Prayer before an icon is restful, quiet, and the image helps us keep our attention on God as we pray. An "icon corner" is something like a little "church," a place set aside in the home for prayer and peace.
That is what Newman is arguing also. The confusion, I think, is a rhetorical ploy to argue against veneration of saints in general by claiming that it is idolatrous.
But I agree both with blessed John Newman and David Clayton that there is a difference between the attitude and perception -- not a theological difference, but difference of disposition that exists between the North-West and South-East. I don't know if it is conditioned by the memory of iconoclasm, so vivid still in the North-West, where it remains a matter of theological dispute among Christians, but long forgotten in Mediterranean south; or perhaps by the temperamental differences.
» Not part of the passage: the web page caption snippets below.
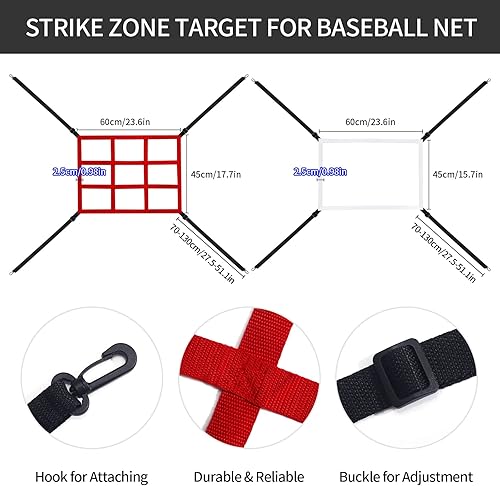 Miniatura 2 de Strike Zone Target Béisbol Softbol 2 unids Pitching Target Net Practica Precisión Entrenamiento Lanzamiento para Golpear Bateo Atrapar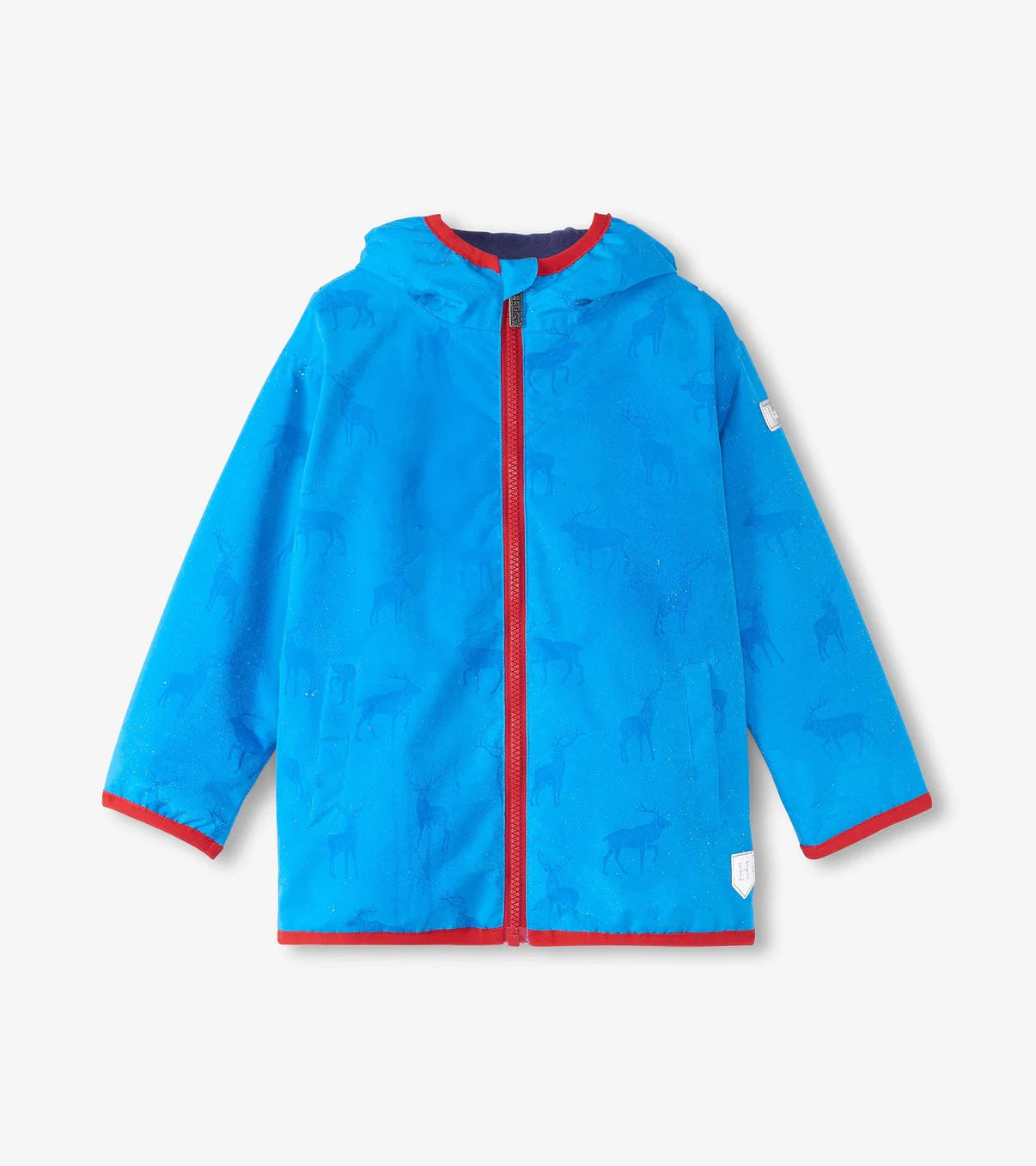 Blue Elks Zip-Up Lightweight Rain Jacket  - Doodlebug's Children's Boutique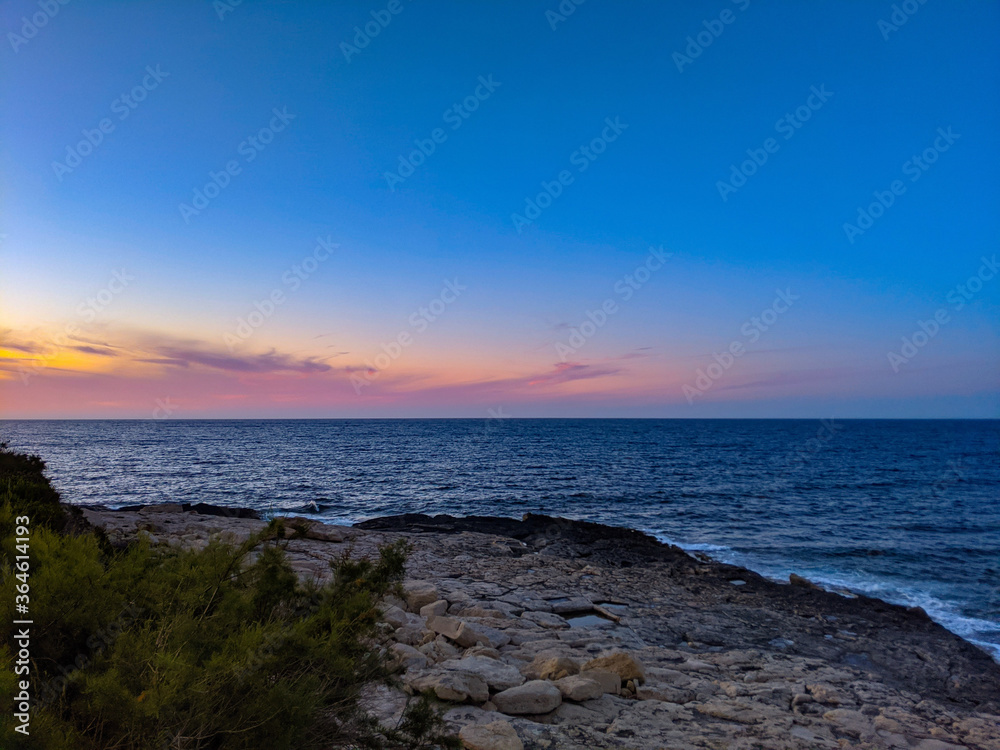 Sunset over the sea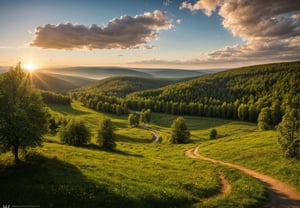 photo, (russia:0.9), nature, professional photo, beautiful atmosphere, spring, Lensflare, godrays, beautiful sunset, focus, picturesque landscape, fascinating landscape, beautifully constructed frame, beautiful photography, creative photo, realism, UHD 4K, beautiful clouds, beautiful sunset,photorealistic,Masterpiece, sharp focus, vivid, intricate, breathtaking, serene, magical, dreamy, mystical, outstanding, majestic, awe-inspiring, (Russian nature:0.9), hills, lush vegetation and trees, high definition image, nature of Eastern Europe,  cozy atmosphere of Russia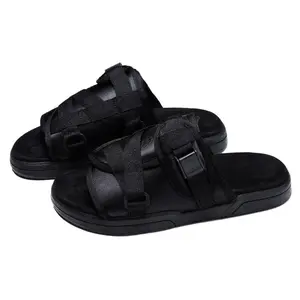 Original Slides for Men & Women Black Velcro Adjustable Straps Sandals with Arch Support & Slip Resistance Summer Beach Shoes Comfortable Walking Shoes for Wide Narrow Feet - Boy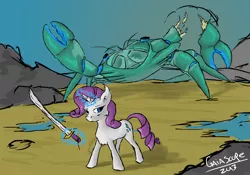 Size: 1280x896 | Tagged: safe, artist:gaiascope, derpibooru import, rarity, crab, pony, unicorn, chest fluff, female, fight, glowing horn, horn, katana, levitation, magic, magic aura, mare, rarity fighting a giant crab, sword, telekinesis, weapon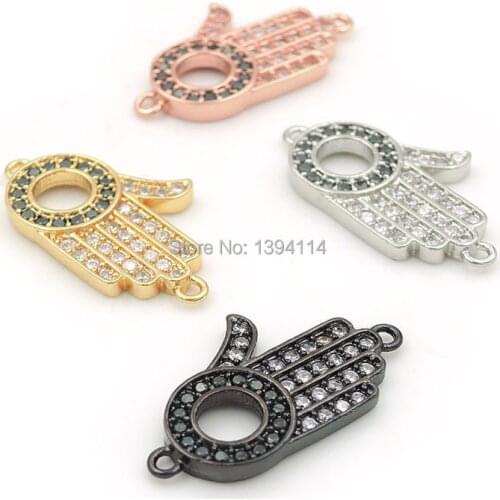 21*13*2mm Micro Pave Clear&Black CZ Hand Of God Connectors Fit For Men And Women Making Bracelets Jewelry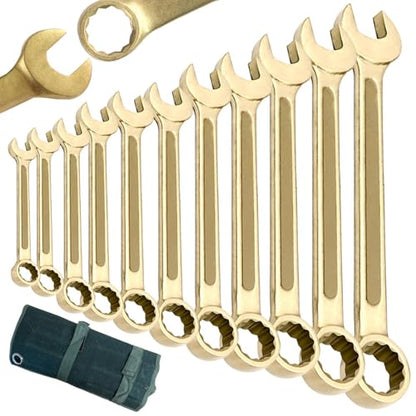 Nixalith 11PCS Non-Sparking Combination Wrench Set,8,10,12,14,17,19,22,24,27,30,32mm, Aluminum Bronze,Metric,12-Point Spark-free Spanner,Corrosion-resistance,Low-magnetic - color: 11pcs Set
I am inclined to thing it is a defensive reaction against theological criticism, especially among the Catholic British who had to hide their devotions till relatively recently in historical perspective. That is because the Russians, -- the race I know more than a casual thing about -- are Nordic by temperament but treat their icons like family members. Of course, in Russia iconoclasm, while very recent, was mere atheist brutality without any earnest theological concern we are familiar with in the West, -- so the Russians had to hide their icons rather than modify behavior once in the presence of icons.
If my hypothesis is correct, then so much more important is the task of evangelizing the West through Catholic, and especially through Byzantine art. If we do that, our faith in the West will regain the innocence of a child, with which an Easter Christian kisses his icon.